Lewy Body Dementia & acetylcholinesterase inhibitors/anti-cholinesterase...
So my mother was recently diagnosed with Lewy Body Disease, which seems to be the same as Lewy Body Dementia. This is not square one though since she has previously been diagnosed with Parkinsons. Has anyone done any study on Lewy Body?
From what I read Lewy Body is one segment within the larger umbrella of dementia, the other larger segment being Alzheimers. The relationship between Parkinsons and Lewy Body is unclear or not understood well by science, though they may be related. Their treatment can have some overlap but I guess folks with Lewy Body sometimes don't have success with the same drugs Parkinsons patients have.
For Lewy Body Aricept or the Exelon patch are usually prescribed, both known as these type of drugs:
[QUOTE]An acetylcholinesterase inhibitor (often abbreviated AChEI) or anti-cholinesterase is a chemical that inhibits the acetylcholinesterase enzyme from breaking down acetylcholine, thereby increasing both the level and duration of action of the neurotransmitter acetylcholine.

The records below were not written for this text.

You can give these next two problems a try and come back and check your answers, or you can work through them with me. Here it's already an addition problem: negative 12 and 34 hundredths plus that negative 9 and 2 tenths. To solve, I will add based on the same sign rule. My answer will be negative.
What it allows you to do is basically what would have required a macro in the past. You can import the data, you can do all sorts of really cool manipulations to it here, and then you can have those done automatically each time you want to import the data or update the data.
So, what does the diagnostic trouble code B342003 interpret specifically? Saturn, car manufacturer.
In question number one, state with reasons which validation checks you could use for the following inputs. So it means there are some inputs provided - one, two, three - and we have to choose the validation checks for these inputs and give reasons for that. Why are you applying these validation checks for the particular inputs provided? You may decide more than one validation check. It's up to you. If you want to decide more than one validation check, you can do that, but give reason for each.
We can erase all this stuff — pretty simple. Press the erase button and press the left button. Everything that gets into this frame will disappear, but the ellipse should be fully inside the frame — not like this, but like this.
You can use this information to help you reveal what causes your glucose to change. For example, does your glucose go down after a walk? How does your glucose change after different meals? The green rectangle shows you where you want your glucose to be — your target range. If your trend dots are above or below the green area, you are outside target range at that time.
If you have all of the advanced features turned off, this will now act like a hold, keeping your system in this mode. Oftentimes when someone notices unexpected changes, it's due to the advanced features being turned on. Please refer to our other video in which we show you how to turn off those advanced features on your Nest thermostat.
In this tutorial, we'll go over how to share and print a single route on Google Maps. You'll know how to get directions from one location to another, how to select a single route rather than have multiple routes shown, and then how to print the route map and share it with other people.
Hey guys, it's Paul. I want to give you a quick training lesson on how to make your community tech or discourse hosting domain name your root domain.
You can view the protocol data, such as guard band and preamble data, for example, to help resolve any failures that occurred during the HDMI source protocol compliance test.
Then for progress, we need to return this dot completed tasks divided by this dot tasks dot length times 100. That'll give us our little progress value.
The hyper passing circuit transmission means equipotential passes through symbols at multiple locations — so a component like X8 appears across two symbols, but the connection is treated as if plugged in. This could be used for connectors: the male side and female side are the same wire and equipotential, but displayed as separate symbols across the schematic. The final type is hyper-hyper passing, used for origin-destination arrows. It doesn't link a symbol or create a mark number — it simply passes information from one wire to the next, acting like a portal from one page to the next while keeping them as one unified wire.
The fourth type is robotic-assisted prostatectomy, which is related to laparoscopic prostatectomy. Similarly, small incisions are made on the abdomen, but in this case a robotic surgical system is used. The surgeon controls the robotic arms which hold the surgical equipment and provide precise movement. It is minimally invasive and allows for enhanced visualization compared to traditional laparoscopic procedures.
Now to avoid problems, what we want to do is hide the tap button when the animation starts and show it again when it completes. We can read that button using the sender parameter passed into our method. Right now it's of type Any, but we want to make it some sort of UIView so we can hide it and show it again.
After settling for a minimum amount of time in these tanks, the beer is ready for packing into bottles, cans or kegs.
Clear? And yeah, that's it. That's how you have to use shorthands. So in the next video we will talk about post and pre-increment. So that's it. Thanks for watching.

Reversible, quasi-irreversible (or pseudirreversible in some sources) and irreversible inhibitors exist.
My mother's dementia is not that bad. I have tried to encourage her to move to a more paleo-like diet. However with a bit of googling around forums on Aricept and Exelon I have found many patients complaining that some Lewy Body symptoms like hallucinations actually increased permanently (meaning later dosage decrease does not return to pre-drug condition) after going on these meds! That is a big scare for me since my mother does not currently have significant hallucinations. On the other hand I hear some patients say things like "it's important to get on the drugs early in the life of dementia to slow down the disease progression." Any thoughts?